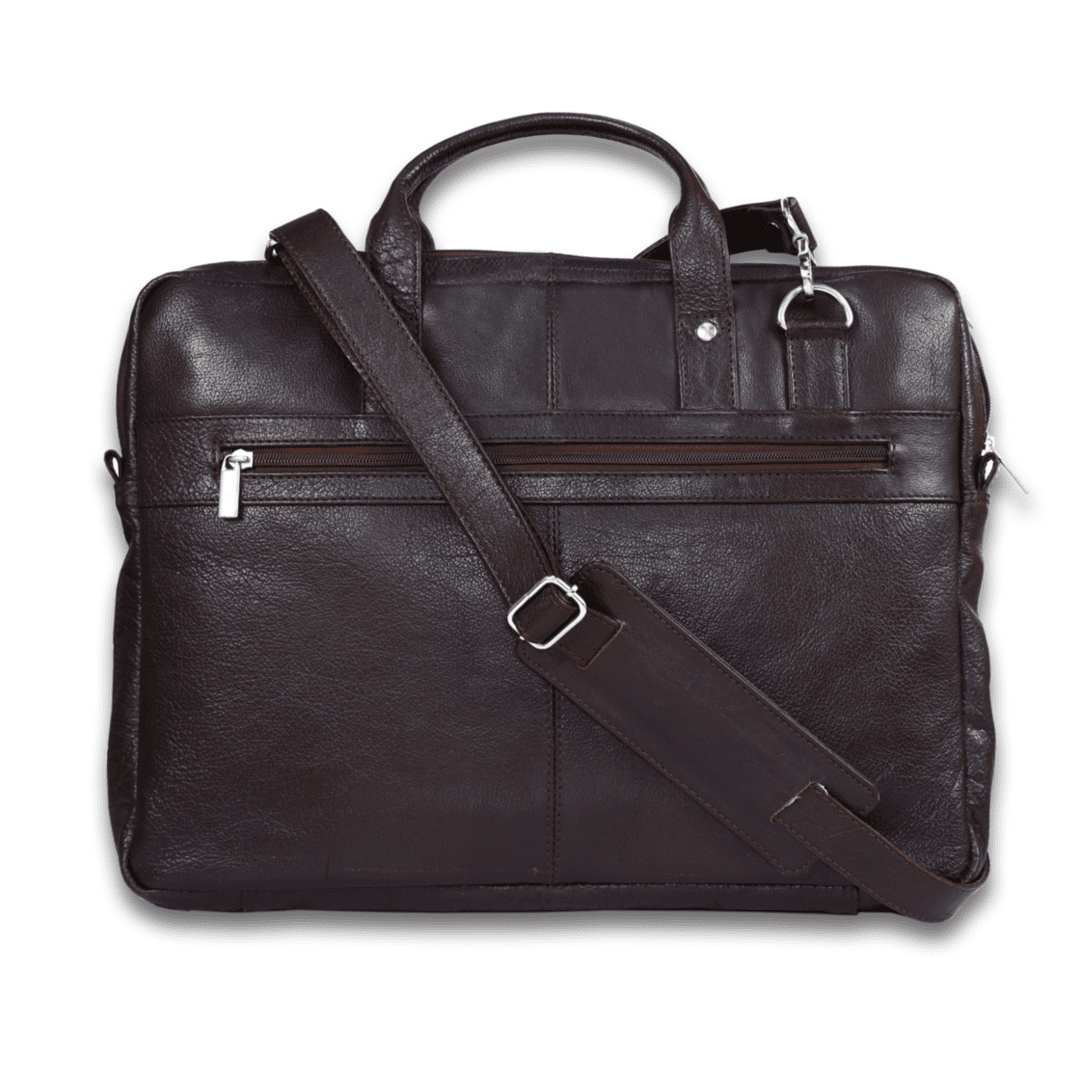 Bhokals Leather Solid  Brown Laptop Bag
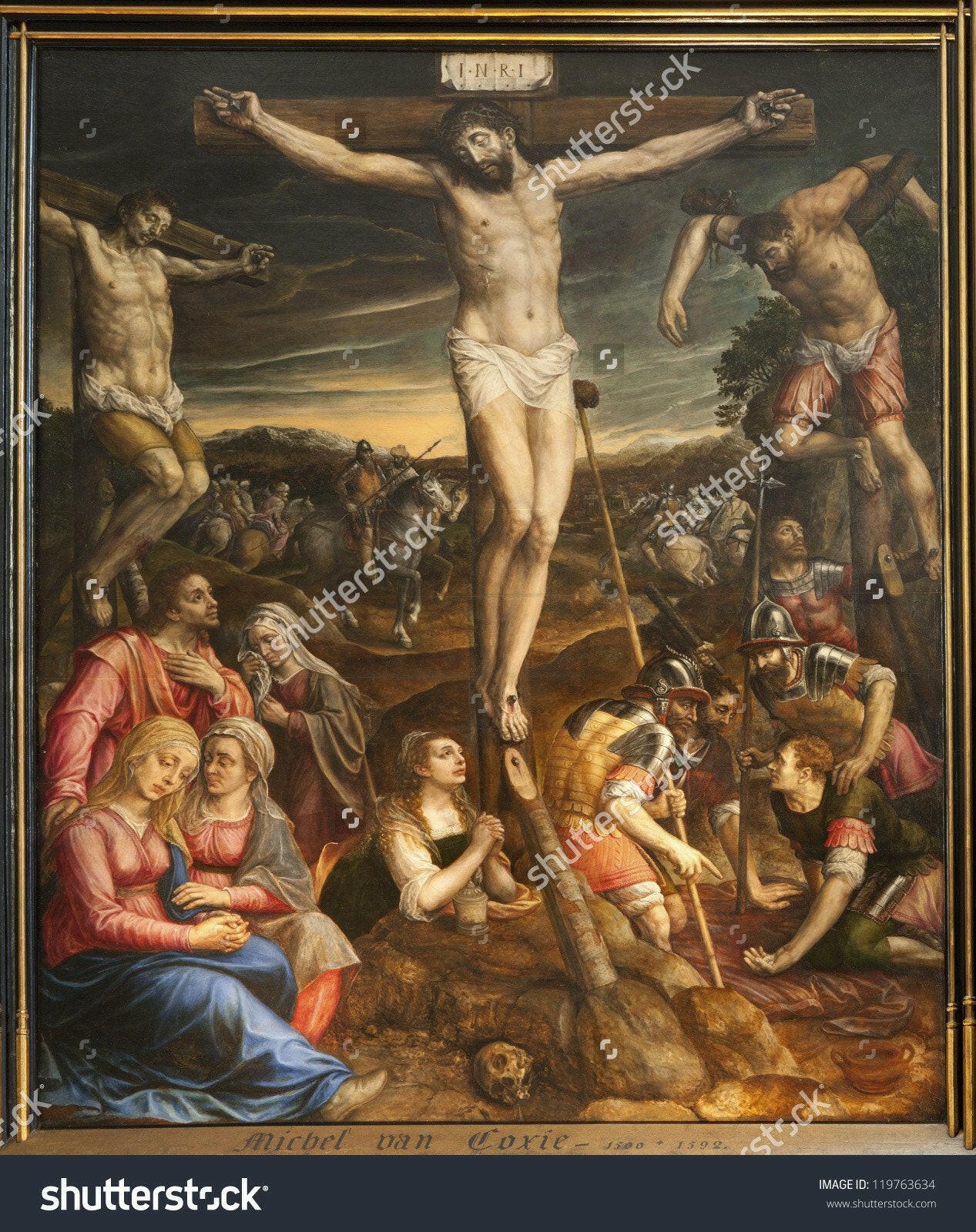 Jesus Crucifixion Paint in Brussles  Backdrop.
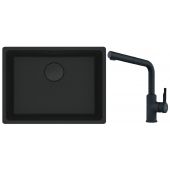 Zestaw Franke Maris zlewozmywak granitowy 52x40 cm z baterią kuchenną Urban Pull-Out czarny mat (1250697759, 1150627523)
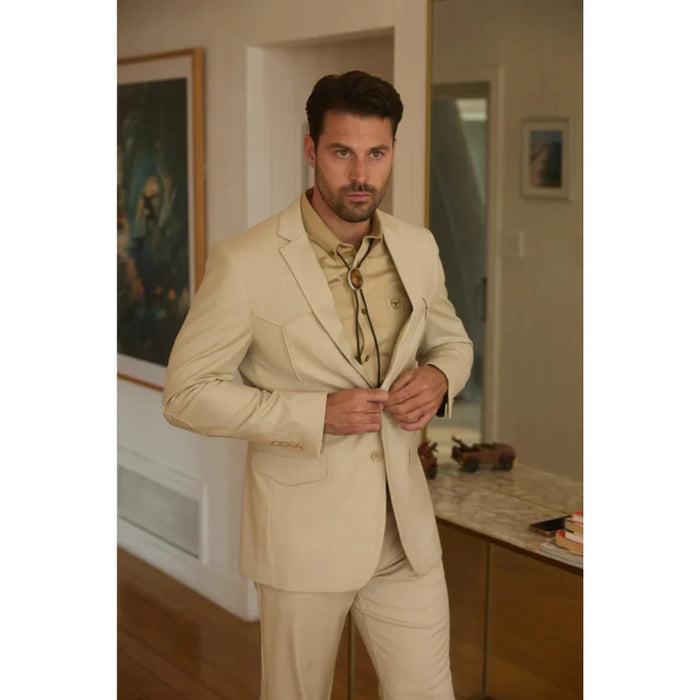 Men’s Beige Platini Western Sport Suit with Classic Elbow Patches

...

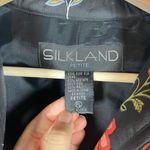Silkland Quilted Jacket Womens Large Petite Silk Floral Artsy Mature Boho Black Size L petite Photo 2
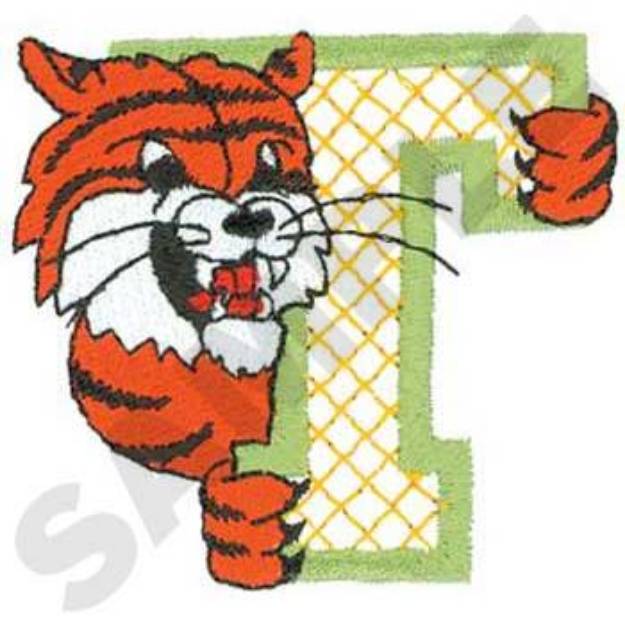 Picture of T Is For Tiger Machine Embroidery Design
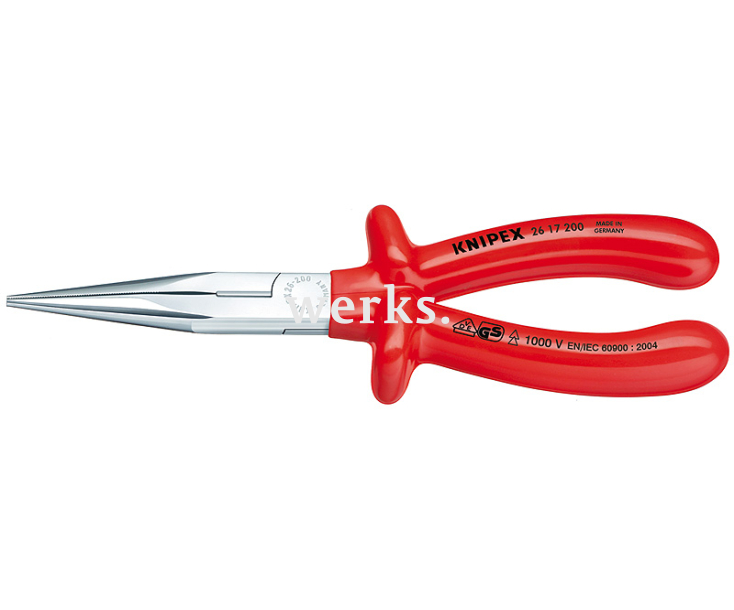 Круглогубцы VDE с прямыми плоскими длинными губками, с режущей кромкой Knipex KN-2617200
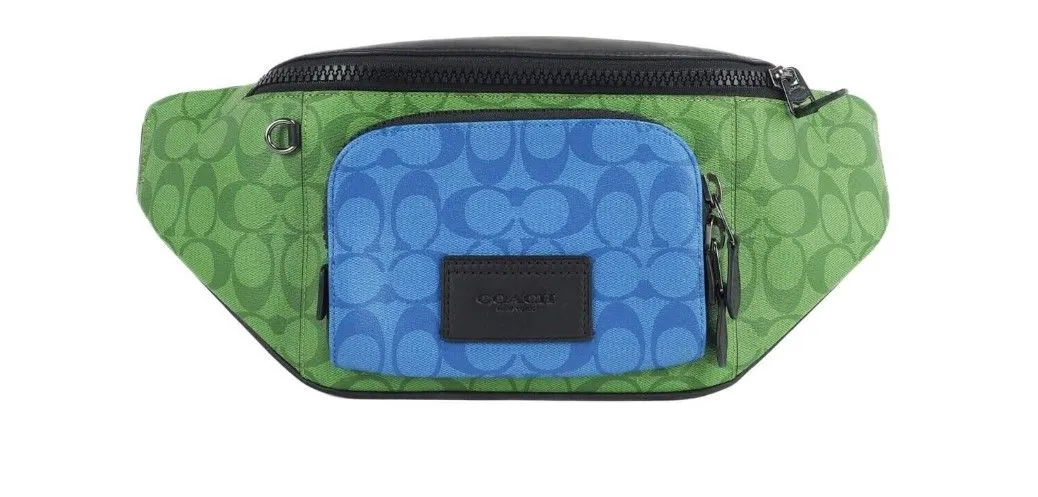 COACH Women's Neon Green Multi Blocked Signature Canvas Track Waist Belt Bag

---

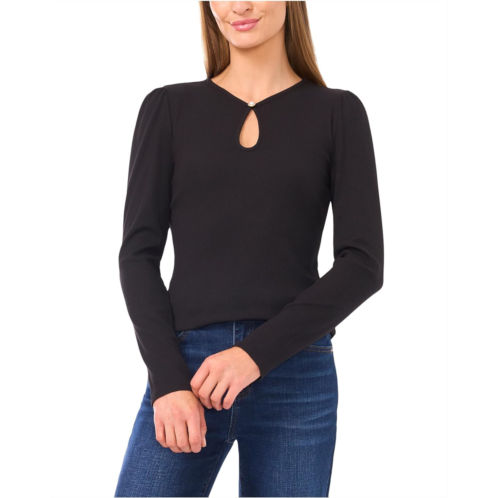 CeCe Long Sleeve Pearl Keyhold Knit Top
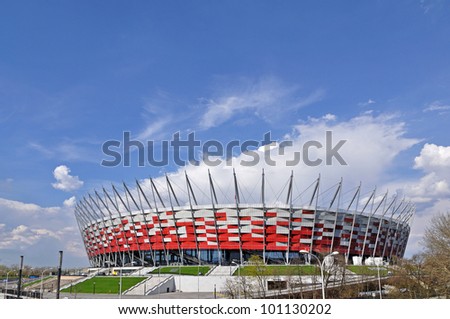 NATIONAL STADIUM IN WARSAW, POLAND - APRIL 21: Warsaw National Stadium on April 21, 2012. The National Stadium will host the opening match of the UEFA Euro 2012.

Assigned task | An exact transcription is needed of the lines from the one with "CeCe Long Sleeve Pearl Keyhold Knit Top" to the one with "NATIONAL STADIUM IN" above, both ends included, with pictures left out.

Solution to this problem |
 CeCe Long Sleeve Pearl Keyhold Knit Top
 NATIONAL STADIUM IN WARSAW, POLAND - APRIL 21: Warsaw National Stadium on April 21, 2012. The National Stadium will host the opening match of the UEFA Euro 2012.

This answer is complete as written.